Before hopping online to teach — whether in DU’s online MBA program or with faculty in professional development — adjunct professor Patrick Orr checks his microphone, adjusts his camera and readies his props. (In this case, it’s a tablet that acts as a whiteboard, digitally translating his notes to his students’ computer screens.)
The name of this production? “Teaching During a Pandemic.”
“Faculty now are the producer, director, writer, lighting technician, sound technician, makeup artist and content creator,” says Orr, who also serves as the Daniels College of Business director of global experiential operations. “And they need to pull all of that together when they teach. They are things our faculty hasn’t had to do in the past, but the pandemic has created this environment for you to systematically think about what you’re doing rather than just teaching to a single audience in a classroom.”
As early as the CD-ROM era, Orr was incorporating technology into his 22-year DU teaching career. But with COVID-19 injecting uncertainty into classrooms from kindergarten to college, the University of Denver has had to adapt like never before.
To provide a high-quality education and keep students safe during the fall term, DU began offering classes in nontraditional formats and nontraditional locations.
In-person classes have been staged everywhere from the Myhren Gallery in the Shwayder Art Building to study areas in the Anderson Academic Commons. DU has also offered online classes and “HyFlex” classes. In these, the professor engages the students in front of them and the students logging in, all at the same time.
“I think it’s a great solution for education during a pandemic,” says Tabea Wurst, a graduate student in the College of Arts, Humanities and Social Sciences. “I hope the option will be continued even after COVID restrictions are lifted. It allows for more flexibility for grad students who usually are employed while working on their master’s.”
HyFlex classes have created more screen time than she’d like and have made it more difficult to feel like a cohesive cohort, Wurst says. And from a technical standpoint, there have been some hiccups. But Wurst, who is also a classroom assistant in a strategic communications course, says DU’s model provides a strong foundation upon which to build the classroom of the future.
“I would support any efforts made to make this arrangement a permanent one,” she says. “It’s a more modern way of learning, and it provides both professors and students regular access to each other in person.”
The solutions come out of Chancellor Jeremy Haefner’s Fall Logistics Task Force, which comprised numerous subcommittees focused on the emerging learning challenges.
“This is such a unique situation where the classroom and technology are so interwoven,” says Virginia Pitts, director of university teaching at the Office of Teaching and Learning (OTL). “I think we’ve done a really good job of getting ready for this. It was hard, and it was always going to be hard. I think DU has done a really great job of getting us here.”

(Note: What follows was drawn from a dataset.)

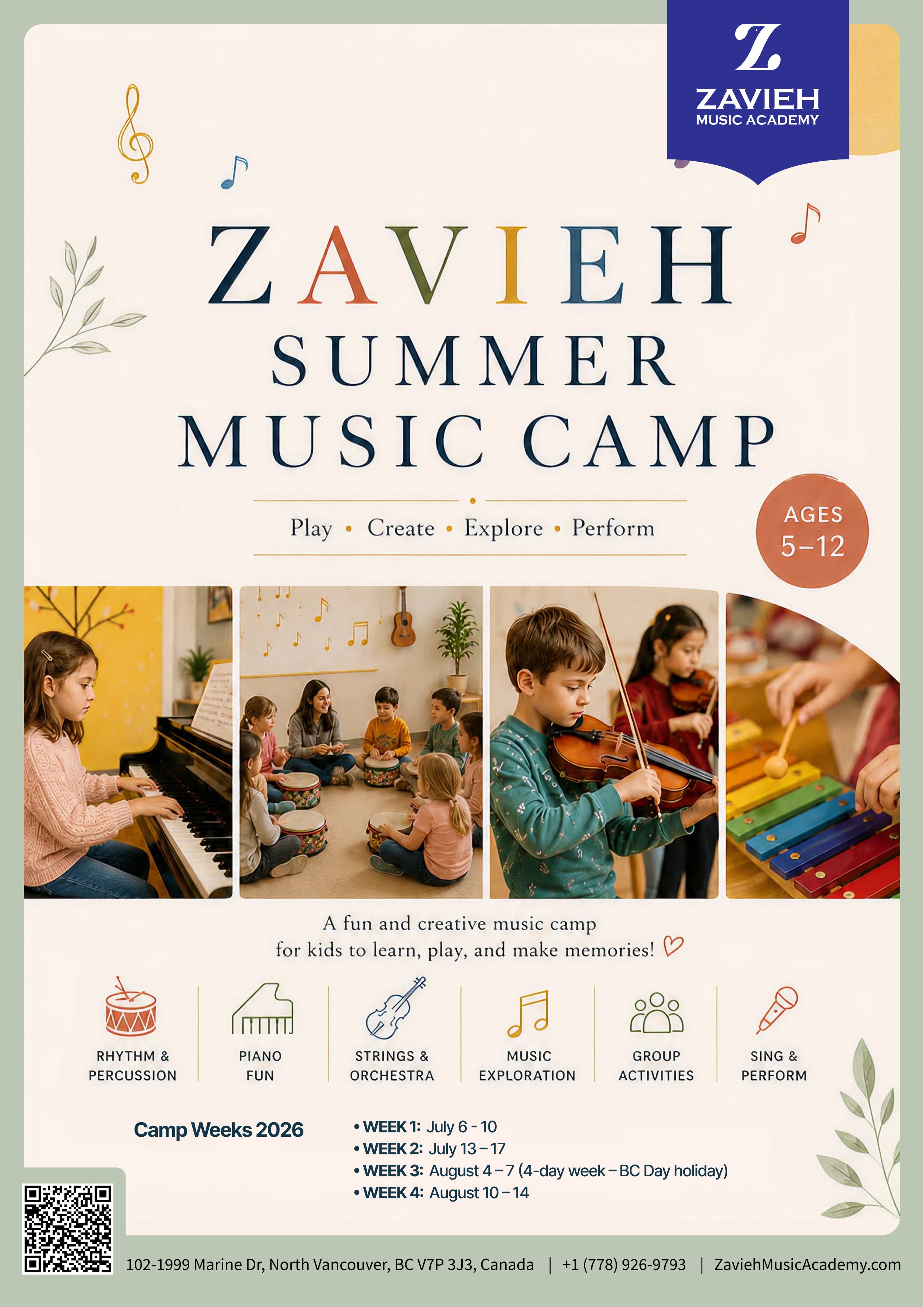 Summer Camp for Children - 2026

Even before the coronavirus reached the United States, OTL went to work preparing faculty for the challenges that lay ahead: How would a professor engage in-person and online students at the same time? What about small group discussions or labs?
OTL aggregated as many resources as it could and passed along its knowledge through one-on-one appointments, teaching toolkits and its Course Design Institute, which soon saw twice as many participants as usual.

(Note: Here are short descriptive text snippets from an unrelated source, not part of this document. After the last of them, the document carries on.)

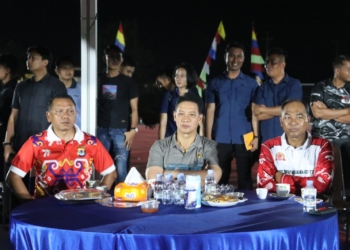 Final Pertandingan Bola Volly Kapolda Cup Tahun 2023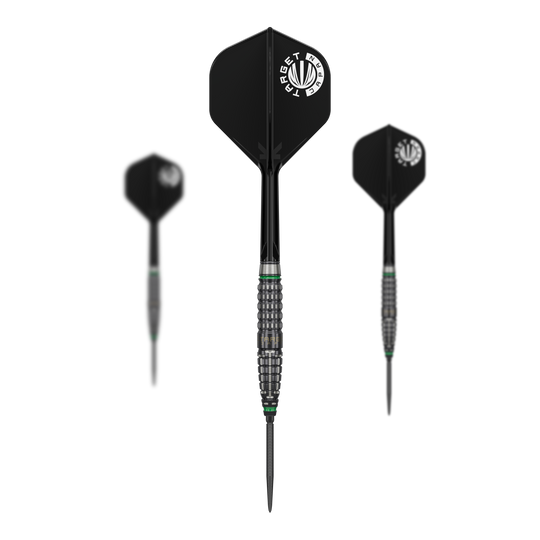 Target Japan Prime Series Akito Yamagata Scream GEN2 Swiss Point Steeldarts - 23g Dieses Bild präsentiert die Target Japan Prime Series Akito Yamagata Scream GEN2 Swiss Point Steeldarts - 23g. Die Steeldarts bieten ein modernes Design und hohe Qualität für Darts-Spieler.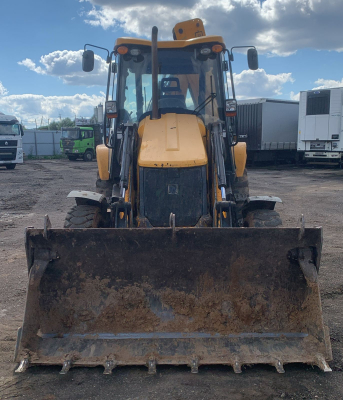 JCB 3CX Экскаватор-погрузчик HV Market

Meanwhile, the Information Technology Division outfitted spaces to accommodate newly purchased technology, including 175 Logitech all-in-one video stations, featuring a camera and a mic system connected to a mobile cart or a classroom monitor. They adjusted their hours, set up a chat-based help center and equipped student support staff to work remotely.
“It was a team effort,” says Theresa Hernandez, assistant vice chancellor of campus partnerships. “Everyone has been involved, trying to get creative and think outside the box. “It’s helped knowing there was 100% support from the senior administration to make this fall launch happen. They put funding behind a lot of this — for faculty to recreate their classes [and for] classroom assistants to help them navigate the technology while they teach and help the students who are having difficulties.”
OTL director Leslie Alvarez says there have been bumps along the way but that the effort has gone better than expected. Even in a new environment, OTL is already taking note of best practices and preparing to apply them to future courses.
“We’re really thinking about the way we engage with our classrooms and with our students and making education more accessible,” Alvarez says. “That to me has been a real silver lining of the HyFlex classroom and the time we’re finding ourselves in.”
Other positive side effects have appeared too. The pandemic has strengthened partnerships among units; the use of technology on campus has accelerated; students can now hear from guest speakers from all over the world via video chat; and faculty are finding new ways to engage with students.
Perhaps best of all, Pitts says, DU is building a strong foundation for the future of education while offering support on a more personal level.
“It’s exciting to see that we’re pulling this off together,” she says. “I love that we’ve been able to be a part of helping people feel that sense of connection.”